■ Exercise details ■
Repeat the listing exactly, line by line, and leave the pictures behind.

■ Data provided ■
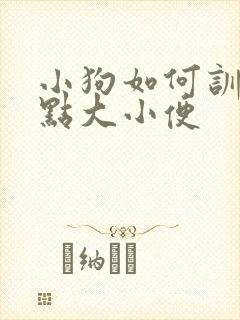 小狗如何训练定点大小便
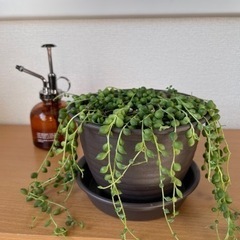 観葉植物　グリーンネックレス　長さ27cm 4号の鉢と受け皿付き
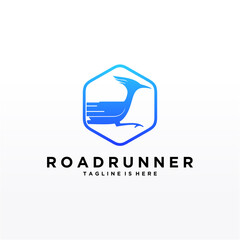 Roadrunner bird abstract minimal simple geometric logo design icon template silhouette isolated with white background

■ Exercise result ■
 小狗如何训练定点大小便
 観葉植物　グリーンネックレス　長さ27cm 4号の鉢と受け皿付き
 Roadrunner bird abstract minimal simple geometric logo design icon template silhouette isolated with white background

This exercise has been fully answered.